9. Nu de betrokkene via de bij de autoweg behorende invoegstrook, in plaats van in te voegen op de links daarvan gelegen doorgaande rijbaan van de autoweg, de doorgaande rijbaan is overgestoken en vervolgens in de tegenovergestelde richting is gereden, is er naar het oordeel van het hof sprake van keren op een autoweg in de zin van het RVV 1990. Naar de overtuiging van het hof is derhalve komen vast te staan dat de gedraging is verricht.

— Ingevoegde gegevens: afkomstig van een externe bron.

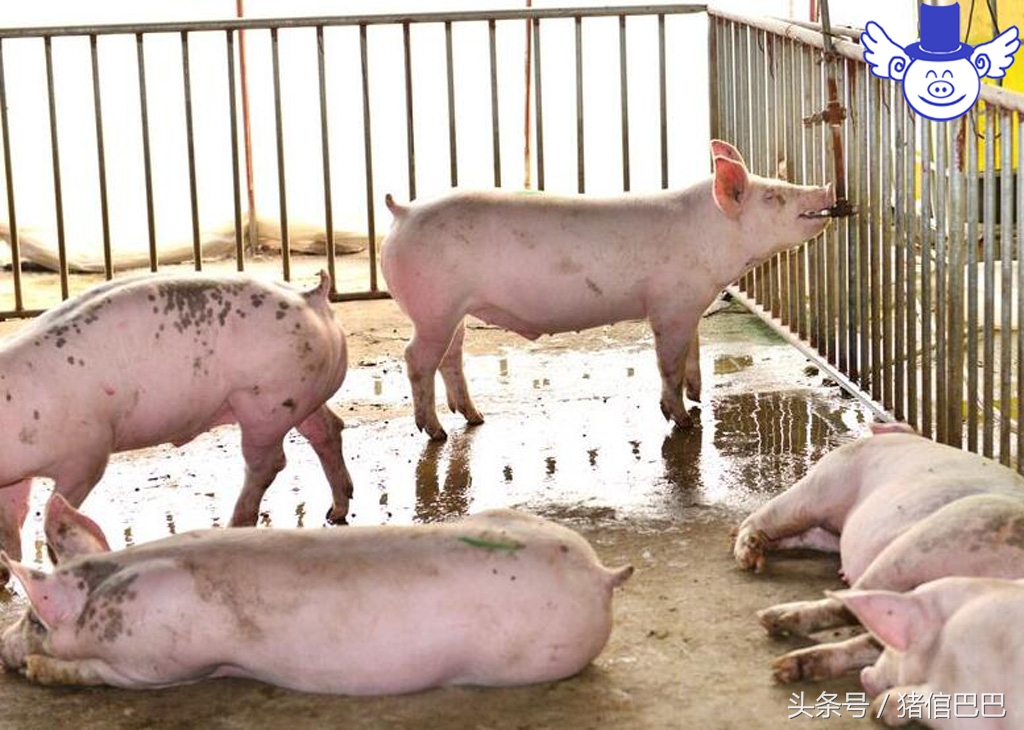 养猪粪水污染怎么办,水质被猪场污染怎么办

10. De stelling van de gemachtigde dat door de tariefmatige afdoening van gedragingen in WAHV-zaken bij de hoogte van de opgelegde sanctie geen rekening wordt gehouden met de omstandigheden van het concrete geval, is onjuist. De rechter kan onder de WAHV rekening houden met de omstandigheden van het concrete geval. In artikel 9, tweede lid onder b, van de WAHV is voorzien in de mogelijkheid te oordelen dat de omstandigheden waaronder de gedraging heeft plaatsgevonden het opleggen van een administratieve sanctie niet billijken dan wel te bepalen dat een lager bedrag van de administratieve sanctie moet worden vastgesteld op basis van de omstandigheden waarin de betrokkene verkeert. Uit de wetgeschiedenis volgt dat de in hoge mate tariefmatige afdoening van gedragingen als bedoeld in artikel 2 WAHV meebrengt dat de omstandigheden van het concrete geval niet licht van invloed zullen zijn op de hoogte van de opgelegde sanctie. Slechts in het geval van uitzonderlijke omstandigheden bestaat er aanleiding voor het matigen of op nihil stellen van de sanctie. Dergelijke omstandigheden zijn het hof niet gebleken.
11. Gelet op het voorgaande is het hof van oordeel dat de kantonrechter het beroep terecht ongegrond heeft verklaard. Het hof zal de beslissing van de kantonrechter bevestigen.
Nu de betrokkene niet in het gelijk wordt gesteld, zal het hof het verzoek tot vergoeding van kosten afwijzen.

Beslissing

Het gerechtshof:
bevestigt de beslissing van de kantonrechter;
wijst het verzoek tot vergoeding van kosten af.
Dit arrest is gewezen door mr. Sekeris, in tegenwoordigheid van mr. Stoop als griffier, en uitgesproken ter openbare zitting.